▸ **What the task requires**
Could you copy all of the records below exactly as they appear?

▸ **Material provided**
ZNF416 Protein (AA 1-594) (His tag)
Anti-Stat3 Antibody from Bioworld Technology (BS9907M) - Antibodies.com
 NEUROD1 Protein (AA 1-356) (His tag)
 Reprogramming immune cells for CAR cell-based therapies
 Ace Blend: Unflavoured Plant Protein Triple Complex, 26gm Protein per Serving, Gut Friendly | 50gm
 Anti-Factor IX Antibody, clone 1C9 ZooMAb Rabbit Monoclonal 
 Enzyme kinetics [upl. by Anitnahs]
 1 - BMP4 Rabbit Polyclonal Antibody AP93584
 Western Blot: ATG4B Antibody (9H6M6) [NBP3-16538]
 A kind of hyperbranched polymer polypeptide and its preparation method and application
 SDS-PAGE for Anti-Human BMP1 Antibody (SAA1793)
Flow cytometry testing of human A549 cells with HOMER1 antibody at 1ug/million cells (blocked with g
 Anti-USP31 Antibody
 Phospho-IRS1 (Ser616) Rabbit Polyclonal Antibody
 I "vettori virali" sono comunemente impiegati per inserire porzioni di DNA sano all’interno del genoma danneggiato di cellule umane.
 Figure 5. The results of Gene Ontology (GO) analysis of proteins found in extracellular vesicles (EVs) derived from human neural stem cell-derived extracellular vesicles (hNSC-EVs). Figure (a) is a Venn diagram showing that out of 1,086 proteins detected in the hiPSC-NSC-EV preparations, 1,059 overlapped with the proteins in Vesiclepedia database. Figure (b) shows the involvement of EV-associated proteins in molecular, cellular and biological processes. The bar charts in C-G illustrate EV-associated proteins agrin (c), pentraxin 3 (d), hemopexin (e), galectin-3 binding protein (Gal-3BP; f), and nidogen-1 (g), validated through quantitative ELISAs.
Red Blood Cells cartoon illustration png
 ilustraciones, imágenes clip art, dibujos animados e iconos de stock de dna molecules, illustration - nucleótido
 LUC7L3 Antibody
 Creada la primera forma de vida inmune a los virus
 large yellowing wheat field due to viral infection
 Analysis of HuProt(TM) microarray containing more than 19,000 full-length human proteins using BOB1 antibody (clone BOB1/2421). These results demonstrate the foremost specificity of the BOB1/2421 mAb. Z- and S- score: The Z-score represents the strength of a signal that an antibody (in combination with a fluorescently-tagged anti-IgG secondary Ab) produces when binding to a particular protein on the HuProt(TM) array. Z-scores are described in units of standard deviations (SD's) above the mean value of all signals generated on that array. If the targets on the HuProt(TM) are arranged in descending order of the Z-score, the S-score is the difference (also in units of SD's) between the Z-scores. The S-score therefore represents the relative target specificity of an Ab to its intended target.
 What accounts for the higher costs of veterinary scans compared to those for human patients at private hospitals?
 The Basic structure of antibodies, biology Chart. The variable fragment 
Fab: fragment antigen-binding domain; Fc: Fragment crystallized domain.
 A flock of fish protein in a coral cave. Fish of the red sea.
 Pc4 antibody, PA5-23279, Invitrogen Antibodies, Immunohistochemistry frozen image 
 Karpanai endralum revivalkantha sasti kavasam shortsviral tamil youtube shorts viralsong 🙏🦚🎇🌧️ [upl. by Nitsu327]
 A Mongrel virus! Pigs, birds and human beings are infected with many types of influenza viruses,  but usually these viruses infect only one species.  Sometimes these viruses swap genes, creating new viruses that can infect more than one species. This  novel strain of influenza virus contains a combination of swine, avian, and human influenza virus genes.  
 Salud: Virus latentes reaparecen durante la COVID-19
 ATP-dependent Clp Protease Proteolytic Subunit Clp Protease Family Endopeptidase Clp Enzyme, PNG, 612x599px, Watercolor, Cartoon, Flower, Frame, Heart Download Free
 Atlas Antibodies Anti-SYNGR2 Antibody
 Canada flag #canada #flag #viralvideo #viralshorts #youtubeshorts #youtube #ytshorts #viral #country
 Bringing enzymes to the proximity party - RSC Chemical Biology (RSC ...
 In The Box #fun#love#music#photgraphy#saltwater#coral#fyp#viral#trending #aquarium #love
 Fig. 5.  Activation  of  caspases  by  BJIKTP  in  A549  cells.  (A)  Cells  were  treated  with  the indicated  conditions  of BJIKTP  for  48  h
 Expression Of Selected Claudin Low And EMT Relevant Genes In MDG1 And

▸ **Exercise result**
ZNF416 Protein (AA 1-594) (His tag)
Anti-Stat3 Antibody from Bioworld Technology (BS9907M) - Antibodies.com
 NEUROD1 Protein (AA 1-356) (His tag)
 Reprogramming immune cells for CAR cell-based therapies
 Ace Blend: Unflavoured Plant Protein Triple Complex, 26gm Protein per Serving, Gut Friendly | 50gm
 Anti-Factor IX Antibody, clone 1C9 ZooMAb Rabbit Monoclonal 
 Enzyme kinetics [upl. by Anitnahs]
 1 - BMP4 Rabbit Polyclonal Antibody AP93584
 Western Blot: ATG4B Antibody (9H6M6) [NBP3-16538]
 A kind of hyperbranched polymer polypeptide and its preparation method and application
 SDS-PAGE for Anti-Human BMP1 Antibody (SAA1793)
Flow cytometry testing of human A549 cells with HOMER1 antibody at 1ug/million cells (blocked with g
 Anti-USP31 Antibody
 Phospho-IRS1 (Ser616) Rabbit Polyclonal Antibody
 I "vettori virali" sono comunemente impiegati per inserire porzioni di DNA sano all’interno del genoma danneggiato di cellule umane.
 Figure 5. The results of Gene Ontology (GO) analysis of proteins found in extracellular vesicles (EVs) derived from human neural stem cell-derived extracellular vesicles (hNSC-EVs). Figure (a) is a Venn diagram showing that out of 1,086 proteins detected in the hiPSC-NSC-EV preparations, 1,059 overlapped with the proteins in Vesiclepedia database. Figure (b) shows the involvement of EV-associated proteins in molecular, cellular and biological processes. The bar charts in C-G illustrate EV-associated proteins agrin (c), pentraxin 3 (d), hemopexin (e), galectin-3 binding protein (Gal-3BP; f), and nidogen-1 (g), validated through quantitative ELISAs.
Red Blood Cells cartoon illustration png
 ilustraciones, imágenes clip art, dibujos animados e iconos de stock de dna molecules, illustration - nucleótido
 LUC7L3 Antibody
 Creada la primera forma de vida inmune a los virus
 large yellowing wheat field due to viral infection
 Analysis of HuProt(TM) microarray containing more than 19,000 full-length human proteins using BOB1 antibody (clone BOB1/2421). These results demonstrate the foremost specificity of the BOB1/2421 mAb. Z- and S- score: The Z-score represents the strength of a signal that an antibody (in combination with a fluorescently-tagged anti-IgG secondary Ab) produces when binding to a particular protein on the HuProt(TM) array. Z-scores are described in units of standard deviations (SD's) above the mean value of all signals generated on that array. If the targets on the HuProt(TM) are arranged in descending order of the Z-score, the S-score is the difference (also in units of SD's) between the Z-scores. The S-score therefore represents the relative target specificity of an Ab to its intended target.
 What accounts for the higher costs of veterinary scans compared to those for human patients at private hospitals?
 The Basic structure of antibodies, biology Chart. The variable fragment 
Fab: fragment antigen-binding domain; Fc: Fragment crystallized domain.
 A flock of fish protein in a coral cave. Fish of the red sea.
 Pc4 antibody, PA5-23279, Invitrogen Antibodies, Immunohistochemistry frozen image 
 Karpanai endralum revivalkantha sasti kavasam shortsviral tamil youtube shorts viralsong 🙏🦚🎇🌧️ [upl. by Nitsu327]
 A Mongrel virus! Pigs, birds and human beings are infected with many types of influenza viruses,  but usually these viruses infect only one species.  Sometimes these viruses swap genes, creating new viruses that can infect more than one species. This  novel strain of influenza virus contains a combination of swine, avian, and human influenza virus genes.  
 Salud: Virus latentes reaparecen durante la COVID-19
 ATP-dependent Clp Protease Proteolytic Subunit Clp Protease Family Endopeptidase Clp Enzyme, PNG, 612x599px, Watercolor, Cartoon, Flower, Frame, Heart Download Free
 Atlas Antibodies Anti-SYNGR2 Antibody
 Canada flag #canada #flag #viralvideo #viralshorts #youtubeshorts #youtube #ytshorts #viral #country
 Bringing enzymes to the proximity party - RSC Chemical Biology (RSC ...
 In The Box #fun#love#music#photgraphy#saltwater#coral#fyp#viral#trending #aquarium #love
 Fig. 5.  Activation  of  caspases  by  BJIKTP  in  A549  cells.  (A)  Cells  were  treated  with  the indicated  conditions  of BJIKTP  for  48  h
 Expression Of Selected Claudin Low And EMT Relevant Genes In MDG1 And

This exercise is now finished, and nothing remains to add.